▶ Task:
Looking through the listing that follows, count the lines that contain "show" and give only that number.
——————————
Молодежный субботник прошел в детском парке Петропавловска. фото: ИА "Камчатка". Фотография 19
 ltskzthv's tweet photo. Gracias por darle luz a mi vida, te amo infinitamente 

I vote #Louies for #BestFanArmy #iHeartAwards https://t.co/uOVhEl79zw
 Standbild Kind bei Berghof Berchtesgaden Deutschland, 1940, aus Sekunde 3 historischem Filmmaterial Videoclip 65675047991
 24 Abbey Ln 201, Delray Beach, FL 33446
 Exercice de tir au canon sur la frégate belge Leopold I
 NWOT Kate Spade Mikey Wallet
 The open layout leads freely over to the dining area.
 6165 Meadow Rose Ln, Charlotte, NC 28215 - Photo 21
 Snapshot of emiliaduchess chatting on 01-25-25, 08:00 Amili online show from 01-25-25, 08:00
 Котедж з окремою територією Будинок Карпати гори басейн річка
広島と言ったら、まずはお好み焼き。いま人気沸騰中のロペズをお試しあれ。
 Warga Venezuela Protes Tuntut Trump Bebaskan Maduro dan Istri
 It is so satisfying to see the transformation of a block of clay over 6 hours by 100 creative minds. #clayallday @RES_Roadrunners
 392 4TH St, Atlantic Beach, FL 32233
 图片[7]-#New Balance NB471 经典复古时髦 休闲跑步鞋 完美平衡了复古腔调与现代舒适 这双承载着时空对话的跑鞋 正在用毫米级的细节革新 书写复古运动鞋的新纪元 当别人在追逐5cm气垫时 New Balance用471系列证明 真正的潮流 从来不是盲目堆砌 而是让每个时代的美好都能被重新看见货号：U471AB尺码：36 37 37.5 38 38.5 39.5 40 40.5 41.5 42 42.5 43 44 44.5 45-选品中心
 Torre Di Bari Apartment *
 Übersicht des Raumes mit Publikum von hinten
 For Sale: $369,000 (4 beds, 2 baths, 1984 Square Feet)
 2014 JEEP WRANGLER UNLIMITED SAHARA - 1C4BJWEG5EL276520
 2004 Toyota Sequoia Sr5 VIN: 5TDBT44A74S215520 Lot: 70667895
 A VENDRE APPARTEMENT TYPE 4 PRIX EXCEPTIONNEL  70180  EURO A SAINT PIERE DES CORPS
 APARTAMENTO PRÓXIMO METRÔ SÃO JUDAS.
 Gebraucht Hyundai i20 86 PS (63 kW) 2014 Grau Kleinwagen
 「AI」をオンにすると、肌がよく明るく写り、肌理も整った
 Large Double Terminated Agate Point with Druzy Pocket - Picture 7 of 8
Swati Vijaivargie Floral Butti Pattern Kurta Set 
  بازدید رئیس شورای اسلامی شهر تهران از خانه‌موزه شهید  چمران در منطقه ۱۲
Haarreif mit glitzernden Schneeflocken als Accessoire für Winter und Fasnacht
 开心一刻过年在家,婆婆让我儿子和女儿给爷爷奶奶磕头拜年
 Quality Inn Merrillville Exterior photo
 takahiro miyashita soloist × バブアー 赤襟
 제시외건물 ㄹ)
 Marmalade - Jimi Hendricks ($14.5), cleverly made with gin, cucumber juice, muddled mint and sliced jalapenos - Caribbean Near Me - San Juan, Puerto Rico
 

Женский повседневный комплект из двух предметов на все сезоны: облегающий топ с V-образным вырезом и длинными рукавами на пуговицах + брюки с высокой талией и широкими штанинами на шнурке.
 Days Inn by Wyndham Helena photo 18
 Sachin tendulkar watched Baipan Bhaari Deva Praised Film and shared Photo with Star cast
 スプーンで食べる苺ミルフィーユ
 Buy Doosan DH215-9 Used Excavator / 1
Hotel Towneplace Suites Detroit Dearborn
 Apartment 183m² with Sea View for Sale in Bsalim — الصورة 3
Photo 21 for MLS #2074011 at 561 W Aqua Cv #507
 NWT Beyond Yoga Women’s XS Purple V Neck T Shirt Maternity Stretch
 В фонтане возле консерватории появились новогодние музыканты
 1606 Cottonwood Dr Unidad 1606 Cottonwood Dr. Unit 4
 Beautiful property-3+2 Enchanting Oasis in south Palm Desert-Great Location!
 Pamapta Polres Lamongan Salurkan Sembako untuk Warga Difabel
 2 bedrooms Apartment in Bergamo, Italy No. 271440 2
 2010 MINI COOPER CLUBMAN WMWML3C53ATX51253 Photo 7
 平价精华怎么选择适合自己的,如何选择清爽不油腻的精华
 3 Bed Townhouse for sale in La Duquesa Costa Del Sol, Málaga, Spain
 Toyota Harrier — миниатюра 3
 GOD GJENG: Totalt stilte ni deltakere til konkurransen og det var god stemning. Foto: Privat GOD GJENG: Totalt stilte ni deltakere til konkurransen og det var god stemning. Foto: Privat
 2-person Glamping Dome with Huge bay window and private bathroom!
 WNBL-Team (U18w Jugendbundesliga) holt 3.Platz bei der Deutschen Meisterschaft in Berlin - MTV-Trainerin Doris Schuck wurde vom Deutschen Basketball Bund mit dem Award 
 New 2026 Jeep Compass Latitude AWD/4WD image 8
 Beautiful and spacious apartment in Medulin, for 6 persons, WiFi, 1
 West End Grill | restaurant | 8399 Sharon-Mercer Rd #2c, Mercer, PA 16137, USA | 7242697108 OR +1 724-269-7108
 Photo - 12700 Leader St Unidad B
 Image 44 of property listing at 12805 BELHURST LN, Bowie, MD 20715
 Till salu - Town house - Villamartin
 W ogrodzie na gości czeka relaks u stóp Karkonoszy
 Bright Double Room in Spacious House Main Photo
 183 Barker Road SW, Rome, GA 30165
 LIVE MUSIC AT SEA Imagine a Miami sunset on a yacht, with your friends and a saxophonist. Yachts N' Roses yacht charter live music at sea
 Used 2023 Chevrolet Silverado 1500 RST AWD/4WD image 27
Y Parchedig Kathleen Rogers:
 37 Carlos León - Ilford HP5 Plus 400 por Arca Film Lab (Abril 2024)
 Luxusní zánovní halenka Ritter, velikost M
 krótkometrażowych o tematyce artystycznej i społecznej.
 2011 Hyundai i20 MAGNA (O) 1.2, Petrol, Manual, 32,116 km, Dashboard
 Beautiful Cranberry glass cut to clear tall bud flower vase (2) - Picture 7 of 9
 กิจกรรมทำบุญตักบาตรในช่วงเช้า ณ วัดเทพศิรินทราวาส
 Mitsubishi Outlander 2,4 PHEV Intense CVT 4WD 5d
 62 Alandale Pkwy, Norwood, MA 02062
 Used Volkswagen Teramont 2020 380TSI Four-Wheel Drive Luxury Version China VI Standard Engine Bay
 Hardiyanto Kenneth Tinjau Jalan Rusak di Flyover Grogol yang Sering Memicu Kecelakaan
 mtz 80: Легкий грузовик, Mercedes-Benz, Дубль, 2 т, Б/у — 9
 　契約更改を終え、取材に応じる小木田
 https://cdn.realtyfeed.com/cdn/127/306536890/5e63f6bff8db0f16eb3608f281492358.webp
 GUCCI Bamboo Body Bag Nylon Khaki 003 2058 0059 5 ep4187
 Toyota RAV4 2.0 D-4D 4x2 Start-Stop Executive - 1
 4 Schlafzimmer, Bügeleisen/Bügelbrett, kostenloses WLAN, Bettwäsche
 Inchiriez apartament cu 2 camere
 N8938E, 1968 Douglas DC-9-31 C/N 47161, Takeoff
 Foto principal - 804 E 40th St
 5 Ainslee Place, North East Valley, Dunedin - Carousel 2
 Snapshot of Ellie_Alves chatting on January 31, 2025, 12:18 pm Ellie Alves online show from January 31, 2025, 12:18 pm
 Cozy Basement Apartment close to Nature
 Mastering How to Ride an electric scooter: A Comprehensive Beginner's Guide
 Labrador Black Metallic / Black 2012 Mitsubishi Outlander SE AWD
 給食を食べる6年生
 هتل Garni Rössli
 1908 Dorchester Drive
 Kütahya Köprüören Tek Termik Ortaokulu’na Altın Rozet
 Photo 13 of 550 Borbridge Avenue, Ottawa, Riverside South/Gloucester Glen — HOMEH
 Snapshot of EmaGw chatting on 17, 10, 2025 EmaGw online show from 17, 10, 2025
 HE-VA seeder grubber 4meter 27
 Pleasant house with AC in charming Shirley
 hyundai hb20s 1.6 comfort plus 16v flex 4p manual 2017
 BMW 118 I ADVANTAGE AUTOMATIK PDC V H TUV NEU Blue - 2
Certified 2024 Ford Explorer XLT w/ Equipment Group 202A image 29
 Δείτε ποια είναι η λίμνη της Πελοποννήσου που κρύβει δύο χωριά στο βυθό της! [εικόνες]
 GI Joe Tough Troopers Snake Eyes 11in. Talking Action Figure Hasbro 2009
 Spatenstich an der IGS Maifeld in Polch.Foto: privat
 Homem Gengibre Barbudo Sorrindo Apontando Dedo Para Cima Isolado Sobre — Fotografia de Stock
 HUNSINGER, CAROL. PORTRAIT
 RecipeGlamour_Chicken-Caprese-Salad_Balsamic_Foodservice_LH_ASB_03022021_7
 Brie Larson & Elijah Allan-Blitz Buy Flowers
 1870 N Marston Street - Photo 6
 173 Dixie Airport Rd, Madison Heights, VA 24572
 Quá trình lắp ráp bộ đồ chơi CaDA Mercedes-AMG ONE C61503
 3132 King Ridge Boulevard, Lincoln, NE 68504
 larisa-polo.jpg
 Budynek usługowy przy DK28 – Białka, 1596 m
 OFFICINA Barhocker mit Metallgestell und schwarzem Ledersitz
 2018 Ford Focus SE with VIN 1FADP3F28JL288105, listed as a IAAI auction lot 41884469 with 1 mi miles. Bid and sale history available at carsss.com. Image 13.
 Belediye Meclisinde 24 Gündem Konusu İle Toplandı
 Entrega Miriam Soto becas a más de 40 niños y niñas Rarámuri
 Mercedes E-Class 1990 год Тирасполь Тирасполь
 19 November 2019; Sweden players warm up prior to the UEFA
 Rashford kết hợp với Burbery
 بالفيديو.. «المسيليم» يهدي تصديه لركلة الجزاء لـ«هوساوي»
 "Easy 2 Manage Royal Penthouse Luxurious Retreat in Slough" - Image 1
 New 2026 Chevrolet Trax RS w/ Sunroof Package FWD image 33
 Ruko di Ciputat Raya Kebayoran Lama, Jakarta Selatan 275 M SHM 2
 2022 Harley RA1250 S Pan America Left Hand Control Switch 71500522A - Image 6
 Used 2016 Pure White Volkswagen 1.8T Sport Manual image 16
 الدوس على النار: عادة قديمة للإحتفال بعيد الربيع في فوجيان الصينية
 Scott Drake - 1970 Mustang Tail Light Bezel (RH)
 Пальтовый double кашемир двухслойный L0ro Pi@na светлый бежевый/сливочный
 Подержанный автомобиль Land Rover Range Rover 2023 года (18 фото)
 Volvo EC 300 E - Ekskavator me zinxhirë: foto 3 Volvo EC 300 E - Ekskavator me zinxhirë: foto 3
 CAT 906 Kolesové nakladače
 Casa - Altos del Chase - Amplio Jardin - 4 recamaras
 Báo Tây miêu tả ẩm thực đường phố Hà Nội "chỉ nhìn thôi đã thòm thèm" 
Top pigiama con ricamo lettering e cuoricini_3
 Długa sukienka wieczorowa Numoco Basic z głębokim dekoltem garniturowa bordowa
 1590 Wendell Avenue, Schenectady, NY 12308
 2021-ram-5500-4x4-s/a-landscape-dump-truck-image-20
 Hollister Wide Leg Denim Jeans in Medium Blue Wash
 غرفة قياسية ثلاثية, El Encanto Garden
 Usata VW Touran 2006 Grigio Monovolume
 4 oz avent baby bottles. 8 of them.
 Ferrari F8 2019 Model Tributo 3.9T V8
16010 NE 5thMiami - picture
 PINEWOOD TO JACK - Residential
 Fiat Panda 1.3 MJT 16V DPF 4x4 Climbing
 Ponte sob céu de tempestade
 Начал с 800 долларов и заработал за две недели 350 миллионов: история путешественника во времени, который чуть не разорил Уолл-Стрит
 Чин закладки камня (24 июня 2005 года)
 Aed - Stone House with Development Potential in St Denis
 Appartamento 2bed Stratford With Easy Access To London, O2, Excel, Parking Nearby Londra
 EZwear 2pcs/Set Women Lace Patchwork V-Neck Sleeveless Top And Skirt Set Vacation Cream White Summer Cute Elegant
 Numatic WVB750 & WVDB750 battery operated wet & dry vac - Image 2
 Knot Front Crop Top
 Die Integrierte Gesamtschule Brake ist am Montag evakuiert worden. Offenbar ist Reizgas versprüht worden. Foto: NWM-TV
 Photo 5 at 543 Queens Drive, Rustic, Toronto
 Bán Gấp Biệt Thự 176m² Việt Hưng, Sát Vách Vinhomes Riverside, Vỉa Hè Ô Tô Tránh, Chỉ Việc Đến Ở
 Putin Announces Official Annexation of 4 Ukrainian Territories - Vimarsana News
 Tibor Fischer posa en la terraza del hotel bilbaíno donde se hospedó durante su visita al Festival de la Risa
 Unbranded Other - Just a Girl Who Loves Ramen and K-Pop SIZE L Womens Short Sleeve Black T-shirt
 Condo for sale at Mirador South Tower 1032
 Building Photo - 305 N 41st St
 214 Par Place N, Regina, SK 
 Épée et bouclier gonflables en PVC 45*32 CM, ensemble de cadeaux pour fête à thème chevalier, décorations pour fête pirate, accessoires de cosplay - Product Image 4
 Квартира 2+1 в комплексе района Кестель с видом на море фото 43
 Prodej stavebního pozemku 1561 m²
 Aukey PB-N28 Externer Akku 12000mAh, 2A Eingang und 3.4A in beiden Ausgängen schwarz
——————————
▶ Output below:
3